In 2003 we opened 22 new stores which added 41% to the square footage base and expanded into 12 new markets.
At the end of the year we operated 78 stores, 56 of which were in the comparable store base.
The rapid growth of our new stores, however, did place significant pressure on existing comparable stores as we opened new stores in what were once single store markets.
Although the comparable store sales in single store markets were positive in 2003, the impact of rapid store growth and multiple store comparable markets, particularly early in the year, negatively impacted the overall comparable store sales comparison for the year resulting in a net positive comp of 0.4%.
We continue to believe that comparable store sales in this brand will stay volatile until there are at least 75 stores in the comp base.
The strength of the Pottery Barn Kids brand is demonstrated by the fact that the direct-to-customer channel continues its very strong growth despite our aggressive retail store rollout during the past three years.
Productive internet partnerships and significant growth in baby and gift registry sales were the primary drivers of the E-commerce business.
The increased response to the baby and gift registry continued to be very positive with a 95% increase in new registries created in 2003.
Increased offers of personalized merchandise drove sales in both the E-commerce and catalog channels.
As we look forward to 2004 our primary objective is to drive top line sales growth by maximizing sales per square foot in our retail stores with assortments that generate repeat customer visits, dominating the nursery classification, focusing on quality design and manufacturing, extending the reach of our direct to customer channel by increasing prospecting and electronic direct marketing initiatives, and expanding successful internet partnerships and improving our inventory management process to maximize our in stock positions.
Meeting these objectives will further enable us to position Pottery Barn Kids as the authority in children's home furnishings.
I would now like to talk about the newest addition to the Pottery Barn brands, PB Teens, a concept that has far exceeded our expectations in the first 10 months since its launch in late April of 2003.
Our merchandise designs were a hit with teens and their personal feedback to our unique catalog design has provided many learnings and opportunities for 2004.
We are pleased to report that the first year of the PB Teen business is looking remarkably like the first year of the Pottery Barn Kids business in 1999, generating approximately 50 million in revenue during 2003.
Based upon the initial success of PB Teen catalog mailings, circulation was increased to over 18 million from the originally planned 15 million.

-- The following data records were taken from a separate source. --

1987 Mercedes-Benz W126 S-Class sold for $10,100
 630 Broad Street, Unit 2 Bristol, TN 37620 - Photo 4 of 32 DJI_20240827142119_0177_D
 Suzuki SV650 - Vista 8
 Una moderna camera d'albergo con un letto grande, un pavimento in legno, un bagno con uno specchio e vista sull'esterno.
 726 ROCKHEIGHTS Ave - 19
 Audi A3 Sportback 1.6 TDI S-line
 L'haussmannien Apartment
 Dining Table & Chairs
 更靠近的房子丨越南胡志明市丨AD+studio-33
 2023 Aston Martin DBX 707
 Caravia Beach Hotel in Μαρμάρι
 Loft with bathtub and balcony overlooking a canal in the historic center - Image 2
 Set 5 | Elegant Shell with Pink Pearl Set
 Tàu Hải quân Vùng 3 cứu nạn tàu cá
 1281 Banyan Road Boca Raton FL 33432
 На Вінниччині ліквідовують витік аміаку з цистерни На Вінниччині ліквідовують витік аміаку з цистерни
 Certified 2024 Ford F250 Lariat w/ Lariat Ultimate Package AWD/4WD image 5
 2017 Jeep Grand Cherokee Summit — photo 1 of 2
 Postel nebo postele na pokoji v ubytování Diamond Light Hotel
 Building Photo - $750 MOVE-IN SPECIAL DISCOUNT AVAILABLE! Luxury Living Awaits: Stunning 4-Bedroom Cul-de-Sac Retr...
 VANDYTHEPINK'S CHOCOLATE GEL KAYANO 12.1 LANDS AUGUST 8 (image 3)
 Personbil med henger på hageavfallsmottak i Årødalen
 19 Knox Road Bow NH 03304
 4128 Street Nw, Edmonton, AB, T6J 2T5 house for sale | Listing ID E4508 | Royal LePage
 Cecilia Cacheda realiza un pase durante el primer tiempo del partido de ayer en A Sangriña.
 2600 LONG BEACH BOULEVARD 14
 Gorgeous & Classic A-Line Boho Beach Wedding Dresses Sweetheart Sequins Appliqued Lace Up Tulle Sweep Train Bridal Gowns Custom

The introduction of the E-commerce site for the PB Teen last September was extremely well received by its target audience.
It has driven substantial brand awareness and is rapidly becoming the shopping channel of choice for our customers.
We are very encouraged with the initial success of PB Teen and it's contribution to our life stage marketing strategy in the Pottery Barn brands.
As evidence of the strength of this young brand we have received extensive unsolicited media coverage with promotional tie-ins with the WB-network to maintain the positive momentum and drive profitable top line sales growth in 2004.
We'll strengthen our focus on key items, refine our assortment, add new merchandise categories and improve customer fill rates.
We'll also aggressively expand circulation, add page count and extend internet partnerships in order to increase customer access to the brand .
Our marketing initiatives will seek to increase interactions with teens through a variety of contests and campaigns to create affinity with the brand and drive new customer acquisition.
We remain very confident in the long term potential of PB Teen.
We are continuing to evaluate the potential for a retail store strategy appropriate to the brand and expect to make a decision whether or not to go forward with stores over the next 18 months.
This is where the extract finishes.